— Items from a data source —
------------------------------------------------------------

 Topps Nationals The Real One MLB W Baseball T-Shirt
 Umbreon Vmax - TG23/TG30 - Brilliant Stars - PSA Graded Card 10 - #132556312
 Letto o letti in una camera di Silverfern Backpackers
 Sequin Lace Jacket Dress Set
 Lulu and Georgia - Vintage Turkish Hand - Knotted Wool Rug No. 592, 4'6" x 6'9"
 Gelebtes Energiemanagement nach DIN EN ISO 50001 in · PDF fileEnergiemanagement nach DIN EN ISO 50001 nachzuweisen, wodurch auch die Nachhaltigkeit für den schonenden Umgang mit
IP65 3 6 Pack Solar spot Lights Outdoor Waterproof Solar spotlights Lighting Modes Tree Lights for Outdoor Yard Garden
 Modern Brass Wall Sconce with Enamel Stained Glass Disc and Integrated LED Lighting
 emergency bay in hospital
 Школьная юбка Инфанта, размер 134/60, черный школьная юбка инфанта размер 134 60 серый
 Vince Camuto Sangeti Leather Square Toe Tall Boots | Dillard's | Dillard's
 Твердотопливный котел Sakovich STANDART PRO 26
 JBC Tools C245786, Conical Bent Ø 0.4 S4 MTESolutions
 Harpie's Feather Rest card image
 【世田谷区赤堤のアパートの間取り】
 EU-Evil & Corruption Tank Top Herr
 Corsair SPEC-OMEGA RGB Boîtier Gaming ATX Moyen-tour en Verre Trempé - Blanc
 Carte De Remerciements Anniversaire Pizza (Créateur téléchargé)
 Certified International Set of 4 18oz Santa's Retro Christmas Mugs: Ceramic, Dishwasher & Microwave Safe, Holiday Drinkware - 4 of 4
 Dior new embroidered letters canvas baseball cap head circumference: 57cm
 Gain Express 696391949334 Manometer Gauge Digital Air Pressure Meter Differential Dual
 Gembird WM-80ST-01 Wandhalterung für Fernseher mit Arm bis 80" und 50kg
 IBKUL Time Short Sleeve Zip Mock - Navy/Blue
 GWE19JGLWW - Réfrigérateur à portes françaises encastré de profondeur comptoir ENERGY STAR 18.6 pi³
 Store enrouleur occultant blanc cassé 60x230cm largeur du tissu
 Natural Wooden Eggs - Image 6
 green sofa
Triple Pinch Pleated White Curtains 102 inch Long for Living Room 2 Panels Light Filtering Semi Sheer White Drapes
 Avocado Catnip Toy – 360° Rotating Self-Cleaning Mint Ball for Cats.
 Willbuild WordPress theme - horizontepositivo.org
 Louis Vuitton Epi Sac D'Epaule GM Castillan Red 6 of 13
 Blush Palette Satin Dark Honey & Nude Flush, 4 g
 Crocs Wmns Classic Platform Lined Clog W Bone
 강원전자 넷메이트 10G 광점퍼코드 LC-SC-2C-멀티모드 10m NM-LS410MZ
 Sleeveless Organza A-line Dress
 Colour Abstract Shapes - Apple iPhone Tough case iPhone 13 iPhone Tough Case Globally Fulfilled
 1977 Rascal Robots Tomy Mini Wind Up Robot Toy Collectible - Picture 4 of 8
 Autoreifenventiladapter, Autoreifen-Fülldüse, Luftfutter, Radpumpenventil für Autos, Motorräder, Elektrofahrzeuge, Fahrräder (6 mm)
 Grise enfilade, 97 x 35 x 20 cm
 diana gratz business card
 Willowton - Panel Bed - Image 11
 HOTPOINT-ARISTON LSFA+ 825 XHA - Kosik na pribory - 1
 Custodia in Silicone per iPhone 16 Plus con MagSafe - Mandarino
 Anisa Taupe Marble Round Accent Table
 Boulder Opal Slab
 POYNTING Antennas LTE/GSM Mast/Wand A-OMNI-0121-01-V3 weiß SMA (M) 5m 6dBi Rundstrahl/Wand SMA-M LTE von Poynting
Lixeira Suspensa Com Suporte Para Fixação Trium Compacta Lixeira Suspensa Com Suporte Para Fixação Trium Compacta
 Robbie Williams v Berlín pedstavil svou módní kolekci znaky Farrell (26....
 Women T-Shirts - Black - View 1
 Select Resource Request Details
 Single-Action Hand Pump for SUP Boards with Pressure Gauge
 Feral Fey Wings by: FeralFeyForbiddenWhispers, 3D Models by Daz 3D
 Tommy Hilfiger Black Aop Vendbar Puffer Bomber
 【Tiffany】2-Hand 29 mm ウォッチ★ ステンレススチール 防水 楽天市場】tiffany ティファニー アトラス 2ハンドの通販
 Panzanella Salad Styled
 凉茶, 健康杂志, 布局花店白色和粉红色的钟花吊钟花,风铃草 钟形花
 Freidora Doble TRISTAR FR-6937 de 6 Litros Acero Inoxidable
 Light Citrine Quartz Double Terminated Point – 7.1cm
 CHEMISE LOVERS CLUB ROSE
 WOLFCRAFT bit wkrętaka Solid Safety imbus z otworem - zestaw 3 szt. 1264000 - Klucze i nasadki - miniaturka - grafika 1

------------------------------------------------------------

— Work required —
An exact copy of the lines above, from the one containing "Vince Camuto Sangeti" through the one containing "GWE19JGLWW - Réfrigérateur", is the whole of the answer.

— Exercise answer —
 Vince Camuto Sangeti Leather Square Toe Tall Boots | Dillard's | Dillard's
 Твердотопливный котел Sakovich STANDART PRO 26
 JBC Tools C245786, Conical Bent Ø 0.4 S4 MTESolutions
 Harpie's Feather Rest card image
 【世田谷区赤堤のアパートの間取り】
 EU-Evil & Corruption Tank Top Herr
 Corsair SPEC-OMEGA RGB Boîtier Gaming ATX Moyen-tour en Verre Trempé - Blanc
 Carte De Remerciements Anniversaire Pizza (Créateur téléchargé)
 Certified International Set of 4 18oz Santa's Retro Christmas Mugs: Ceramic, Dishwasher & Microwave Safe, Holiday Drinkware - 4 of 4
 Dior new embroidered letters canvas baseball cap head circumference: 57cm
 Gain Express 696391949334 Manometer Gauge Digital Air Pressure Meter Differential Dual
 Gembird WM-80ST-01 Wandhalterung für Fernseher mit Arm bis 80" und 50kg
 IBKUL Time Short Sleeve Zip Mock - Navy/Blue
 GWE19JGLWW - Réfrigérateur à portes françaises encastré de profondeur comptoir ENERGY STAR 18.6 pi³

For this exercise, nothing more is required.